▶ [PROBLEM]
The line containing "13 Crescent Grove, West Launceston TAS 7250" and each line after it, through the final line of the data, are to be retyped exactly, with pictures left out.

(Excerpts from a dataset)
== Segment start ==

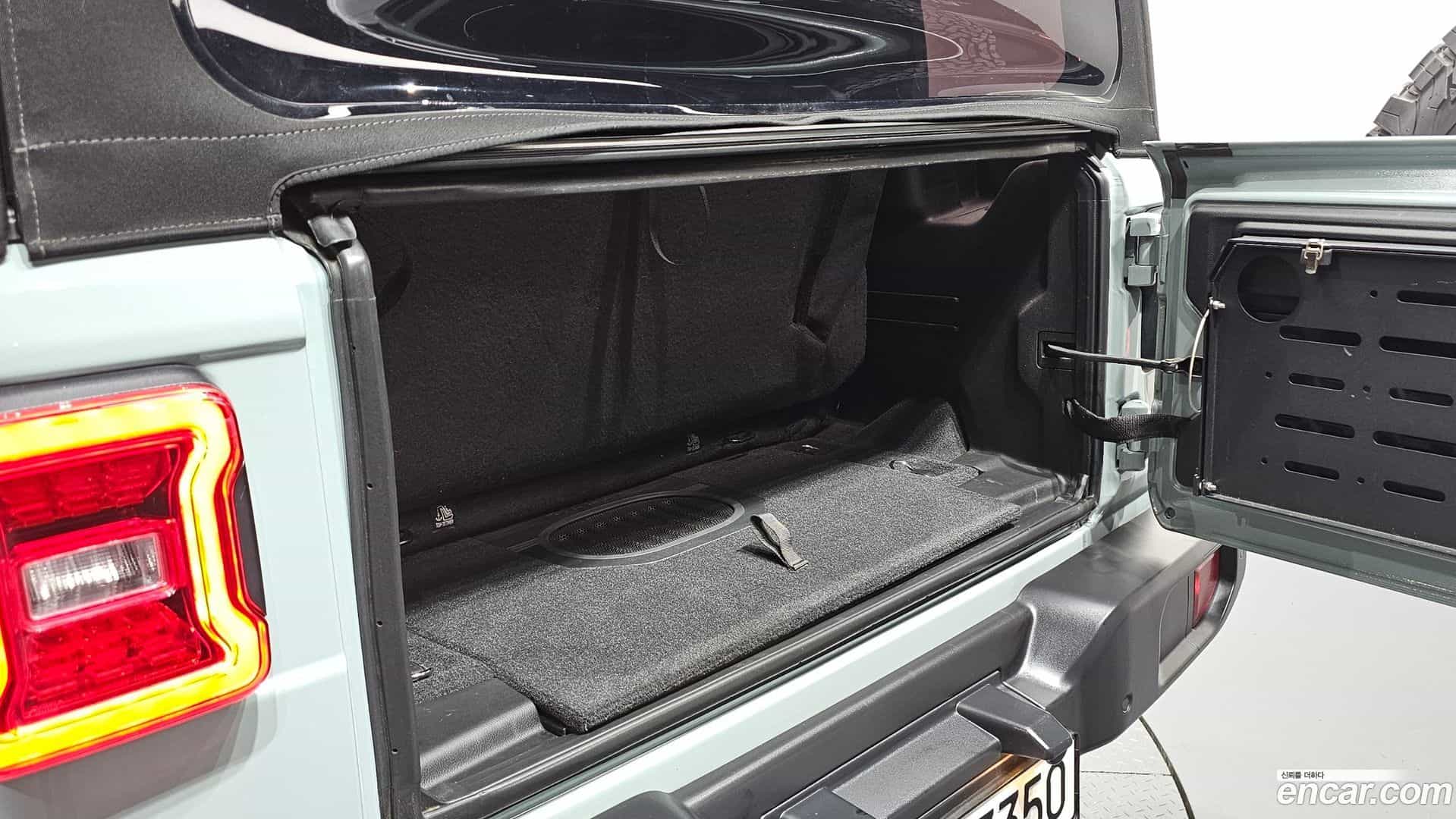 Wrangler Jeep 2024.8-OPTION-022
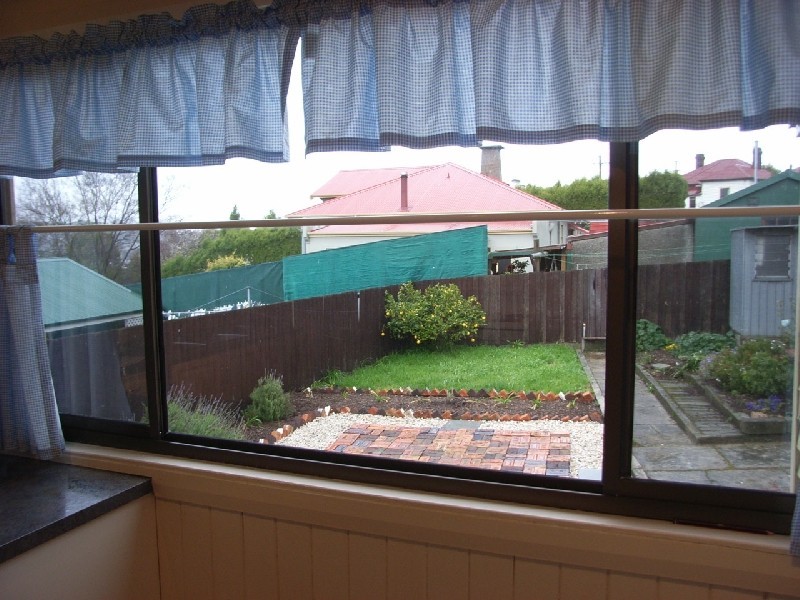 13 Crescent Grove, West Launceston TAS 7250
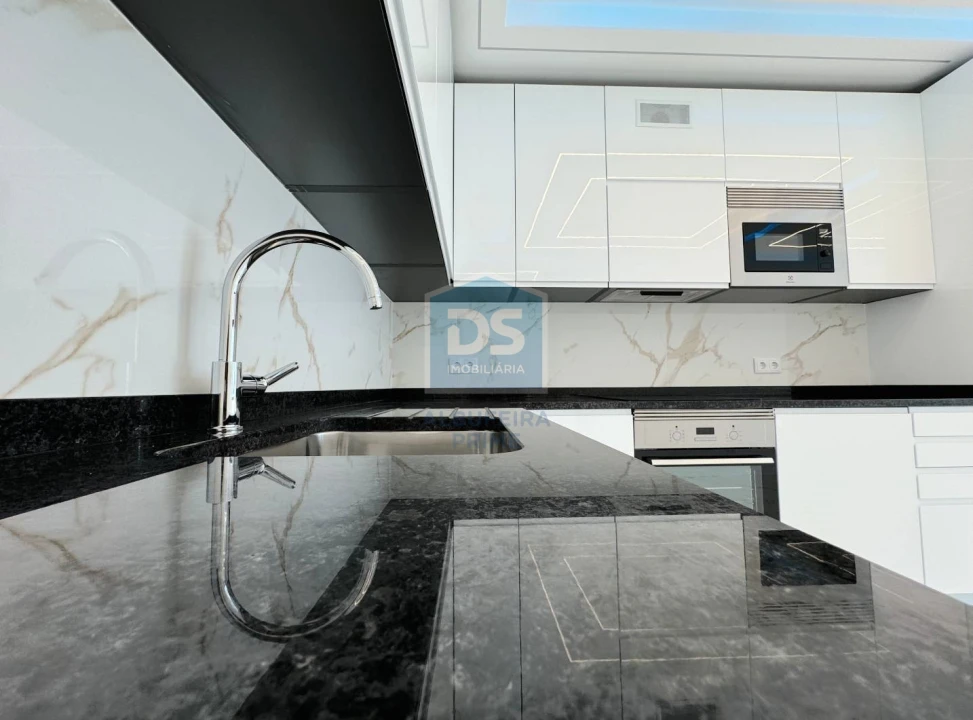 Apartamento T3 para Venda em Quarteira Foto 6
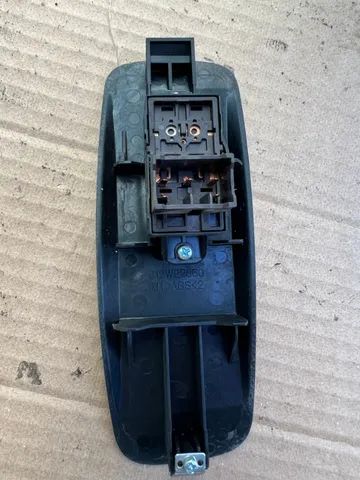 botao/moldura vidro eletrico hyundai hr 2,5/16v original - Foto 3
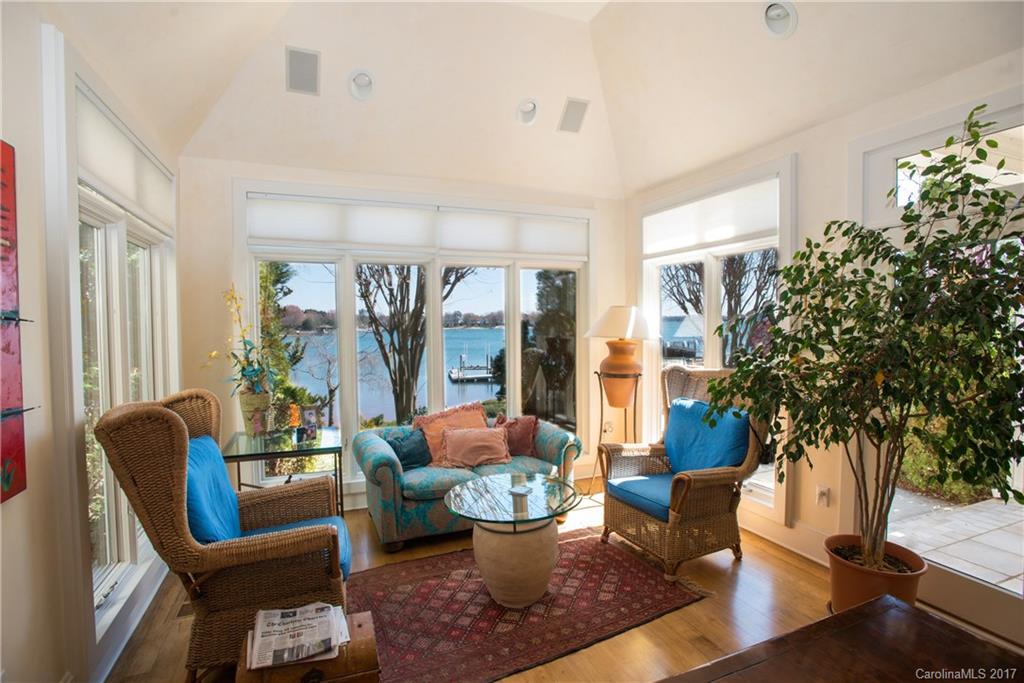 The Peninsula - Residential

== Segment end ==

▶ [YOUR SOLUTION]
 13 Crescent Grove, West Launceston TAS 7250
 Apartamento T3 para Venda em Quarteira Foto 6
 botao/moldura vidro eletrico hyundai hr 2,5/16v original - Foto 3
 The Peninsula - Residential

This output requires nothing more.